[[ Extracted entries open ]]
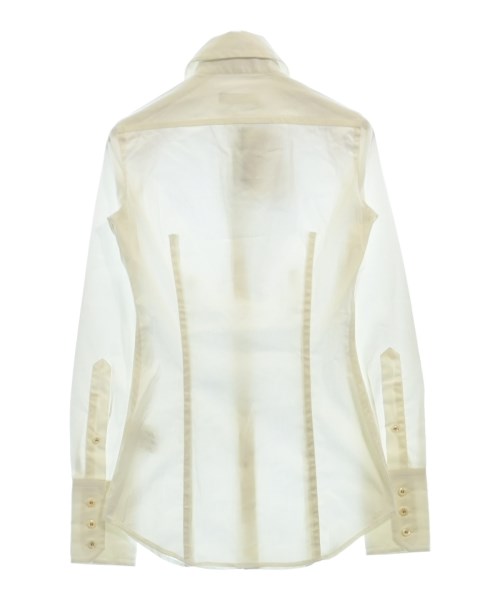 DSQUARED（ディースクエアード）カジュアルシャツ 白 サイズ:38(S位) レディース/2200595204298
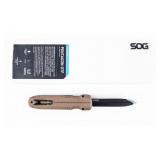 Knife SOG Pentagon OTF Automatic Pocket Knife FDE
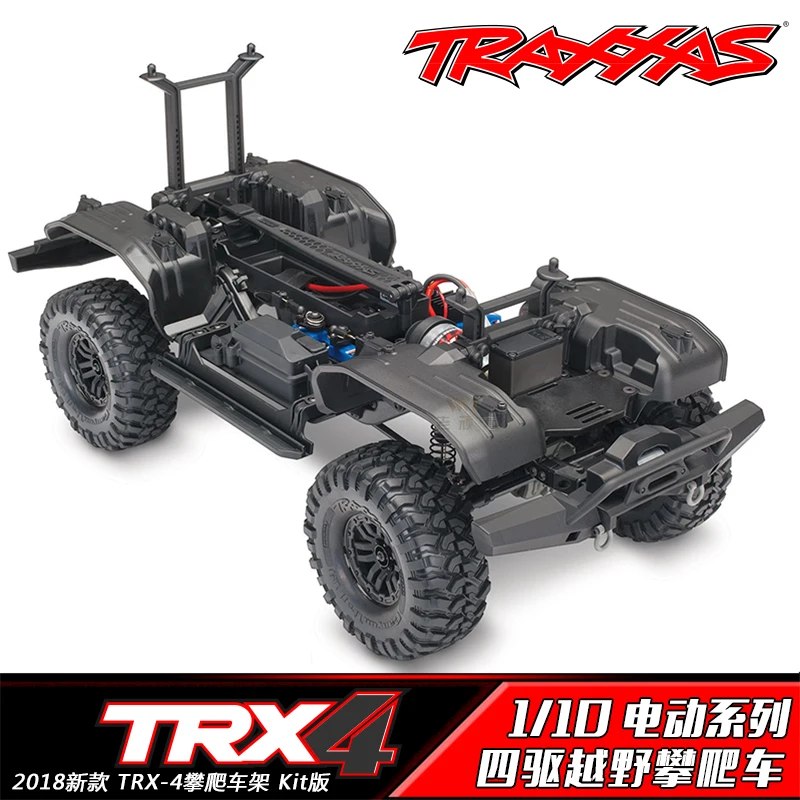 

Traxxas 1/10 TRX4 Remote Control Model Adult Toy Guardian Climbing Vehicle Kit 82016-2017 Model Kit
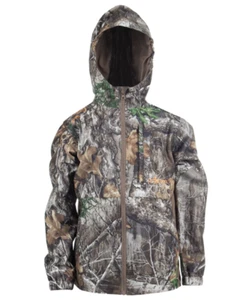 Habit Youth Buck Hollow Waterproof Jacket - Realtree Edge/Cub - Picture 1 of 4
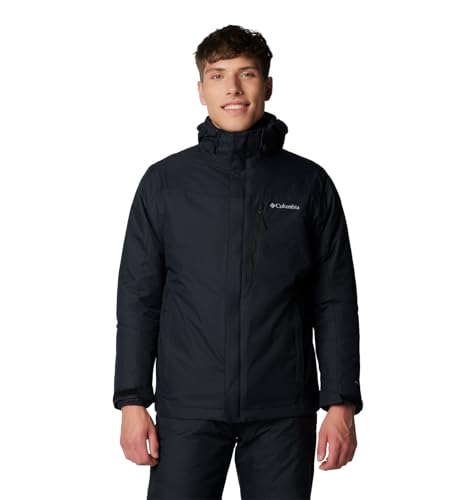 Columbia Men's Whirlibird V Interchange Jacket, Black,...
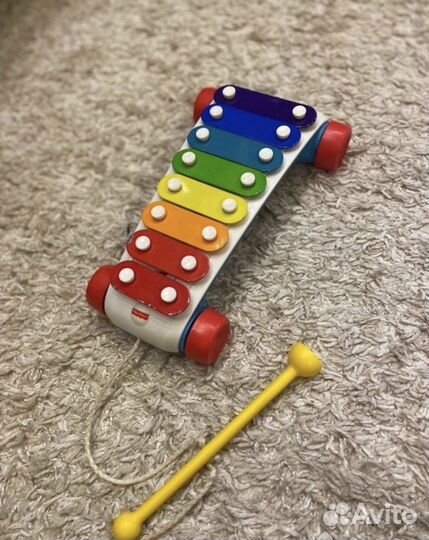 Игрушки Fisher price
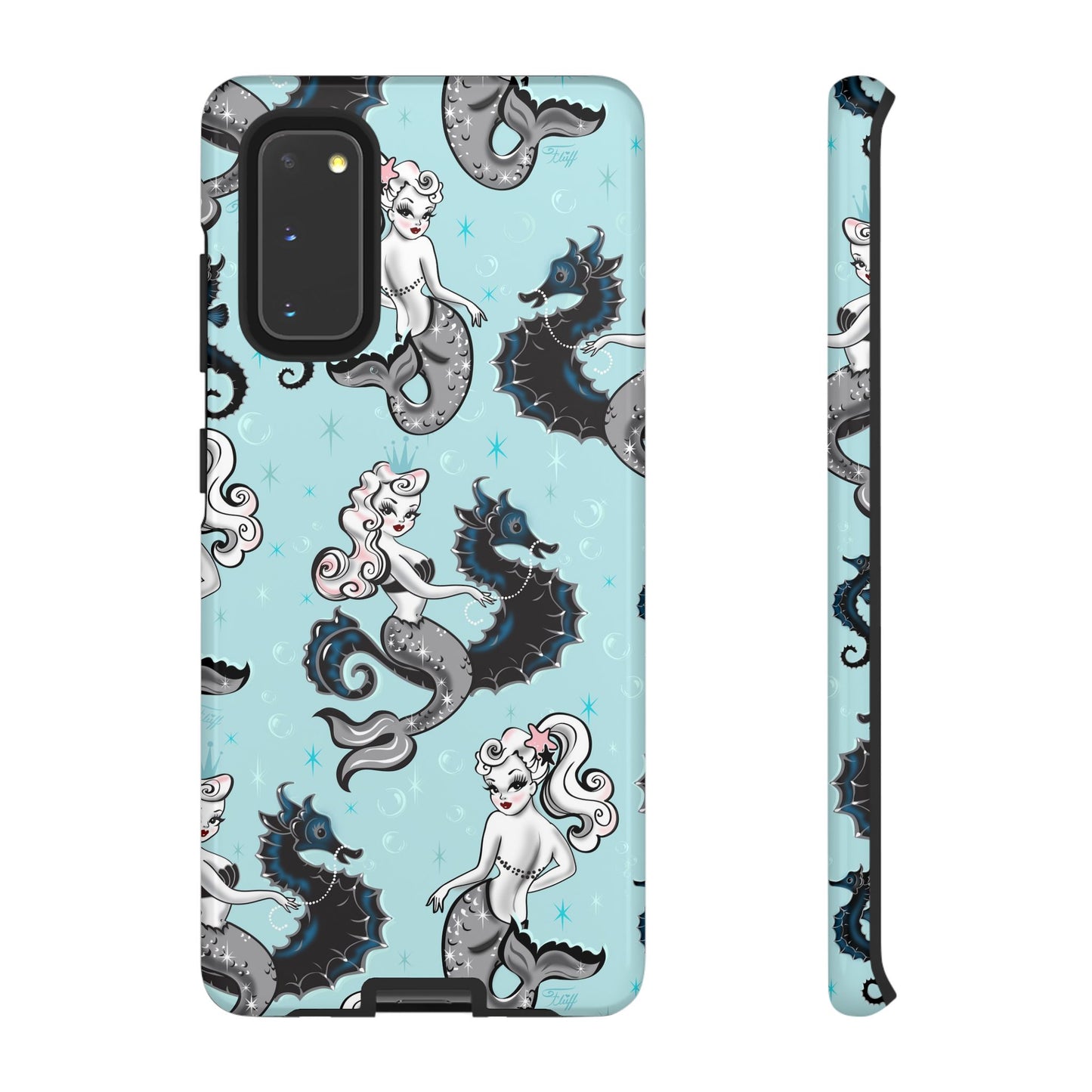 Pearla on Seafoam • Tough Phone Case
[[ Extracted entries closed ]]
* Description of the task: Copy the data character for character, but drop all pictures from the copy.

* Your solution:
 DSQUARED（ディースクエアード）カジュアルシャツ 白 サイズ:38(S位) レディース/2200595204298
 Knife SOG Pentagon OTF Automatic Pocket Knife FDE

Traxxas 1/10 TRX4 Remote Control Model Adult Toy Guardian Climbing Vehicle Kit 82016-2017 Model Kit
 Habit Youth Buck Hollow Waterproof Jacket - Realtree Edge/Cub - Picture 1 of 4
 Columbia Men's Whirlibird V Interchange Jacket, Black,...
 Игрушки Fisher price
 Pearla on Seafoam • Tough Phone Case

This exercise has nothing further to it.